[Image-caption web data]

####################

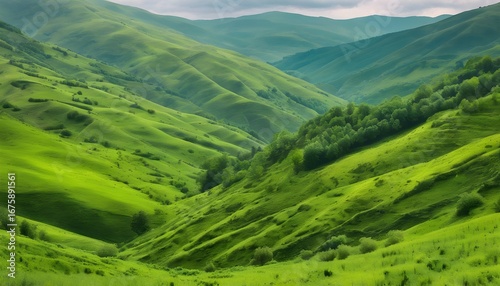 Vibrant green valleys, rolling hills, lush nature landscape, serene beauty.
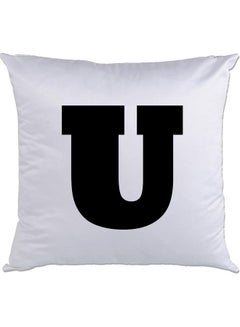 Buy U Printed Cushion White/Black 40x40cm in UAE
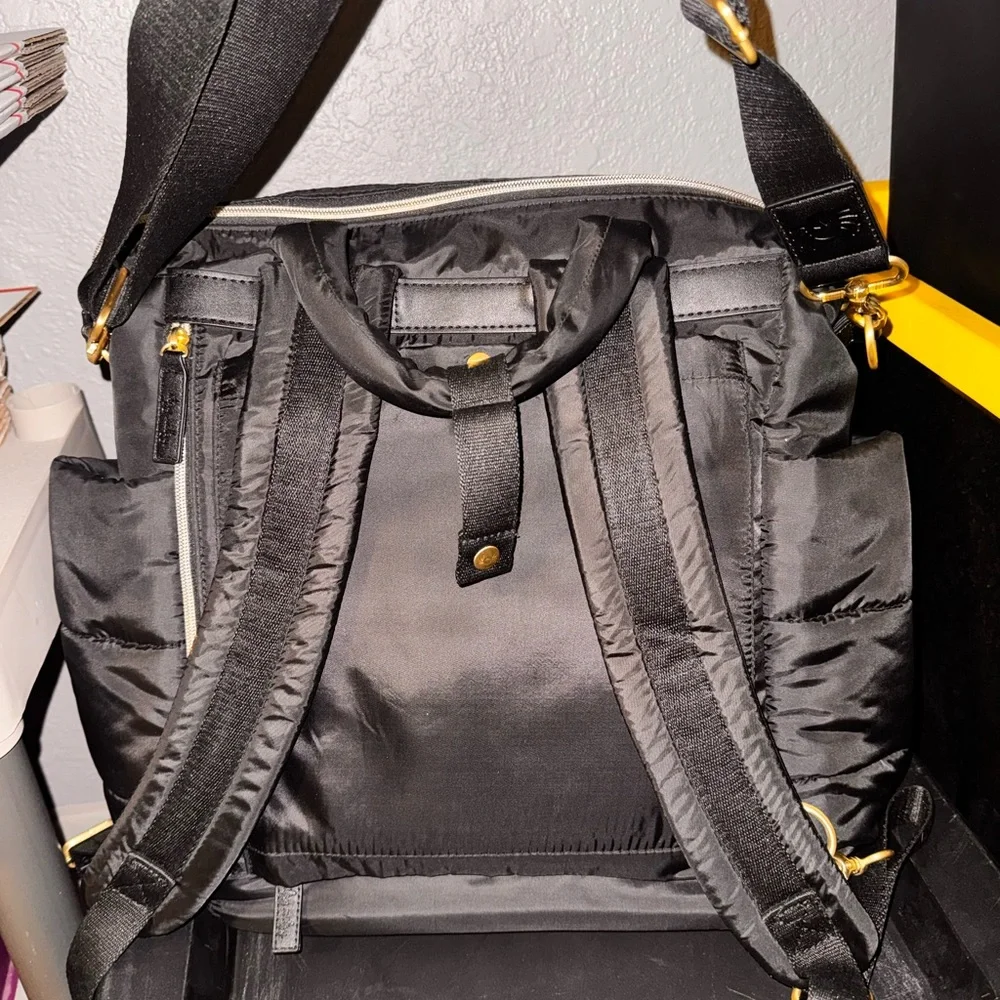 Itzy Ritzy Black Quilted Bag with Gold Accents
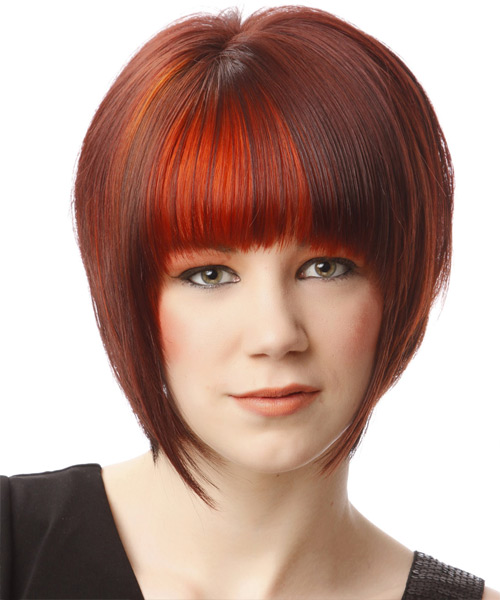 Smoothed Down And Fiery Hot Medium Hairstyle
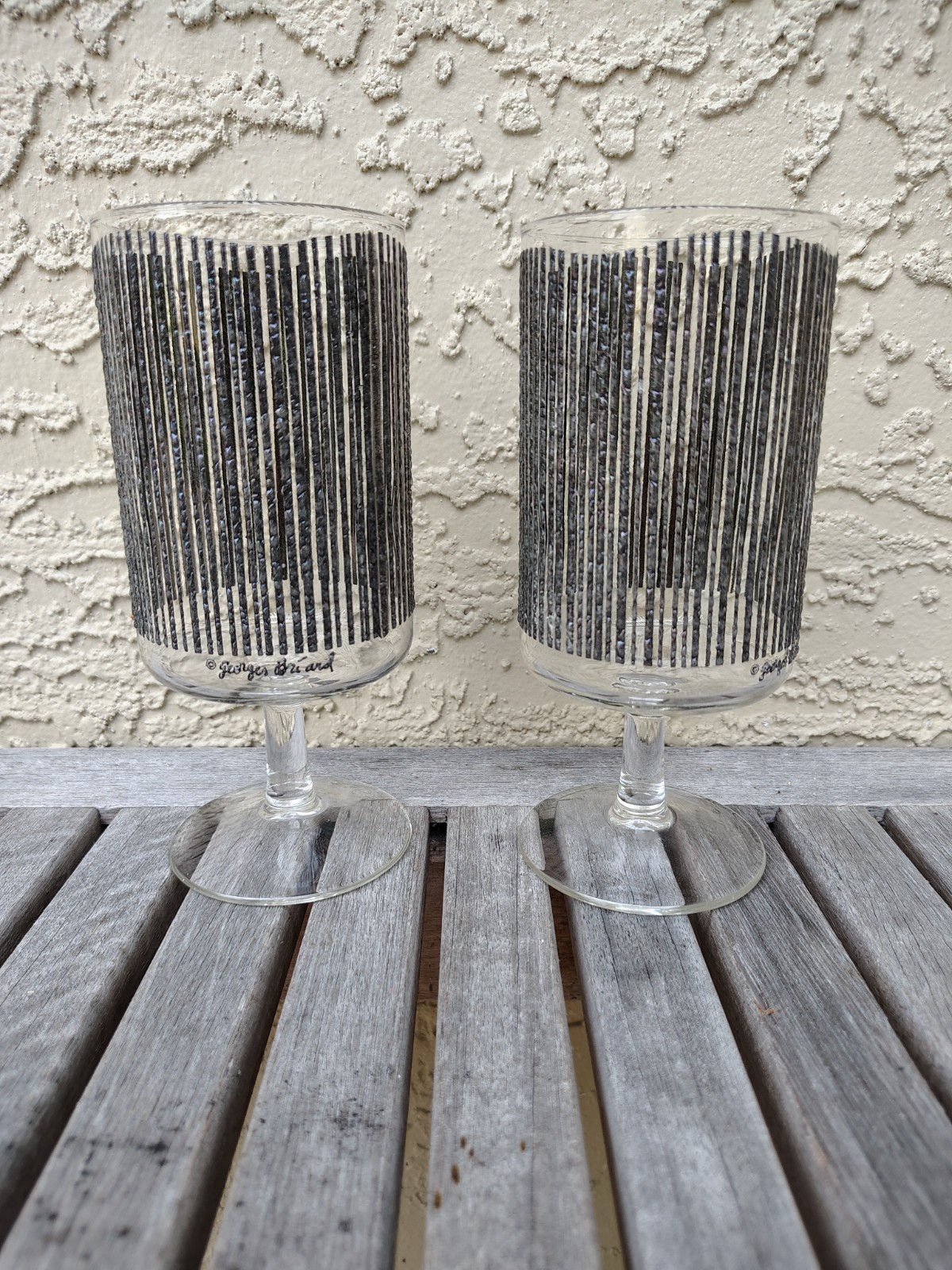 2 Rare Georges Briard Footed Icicle Glasses Black 2 Rare Georges Briard Footed Icicle Glasses Black
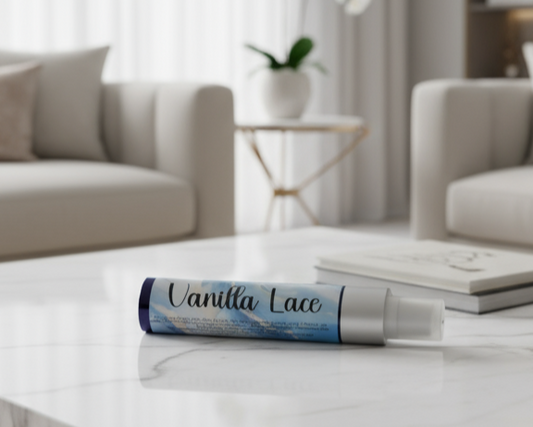 Vanilla Lace product on a marble table with a blurred living room background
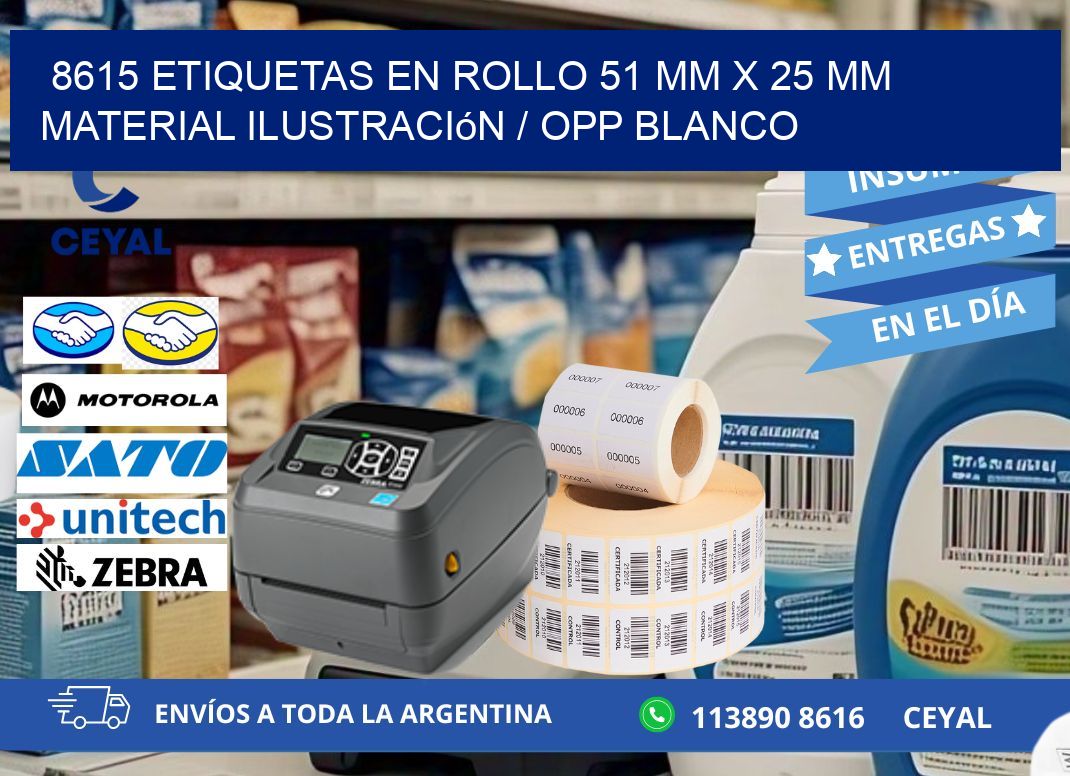 8615 Etiquetas en rollo 51 mm x 25 mm material Ilustración / OPP Blanco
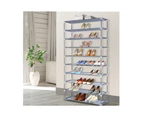 Shoe Rack 10 Tier Shelves Shoes Cabinet Storage 50 Pairs Steel Stand Grey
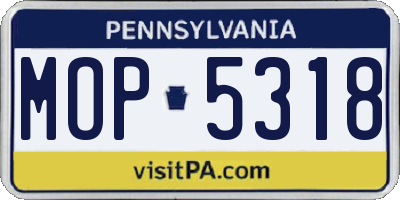 PA license plate MOP5318
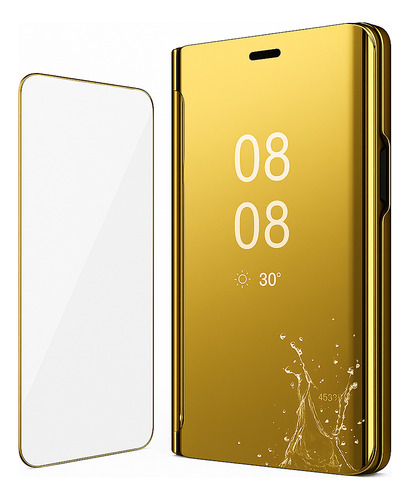 Funda Para Samsung A06 Clear View + Vidrio Full 9d C/huella Dorado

####################

## Work to be completed
An exact retyping of the entries, without images, is the required answer.

## Response to this exercise
 Vibrant green valleys, rolling hills, lush nature landscape, serene beauty.
 Buy U Printed Cushion White/Black 40x40cm in UAE
 Itzy Ritzy Black Quilted Bag with Gold Accents
 Smoothed Down And Fiery Hot Medium Hairstyle
 2 Rare Georges Briard Footed Icicle Glasses Black 2 Rare Georges Briard Footed Icicle Glasses Black
 Vanilla Lace product on a marble table with a blurred living room background
 8615 Etiquetas en rollo 51 mm x 25 mm material Ilustración / OPP Blanco
 Shoe Rack 10 Tier Shelves Shoes Cabinet Storage 50 Pairs Steel Stand Grey
 PA license plate MOP5318
 Funda Para Samsung A06 Clear View + Vidrio Full 9d C/huella Dorado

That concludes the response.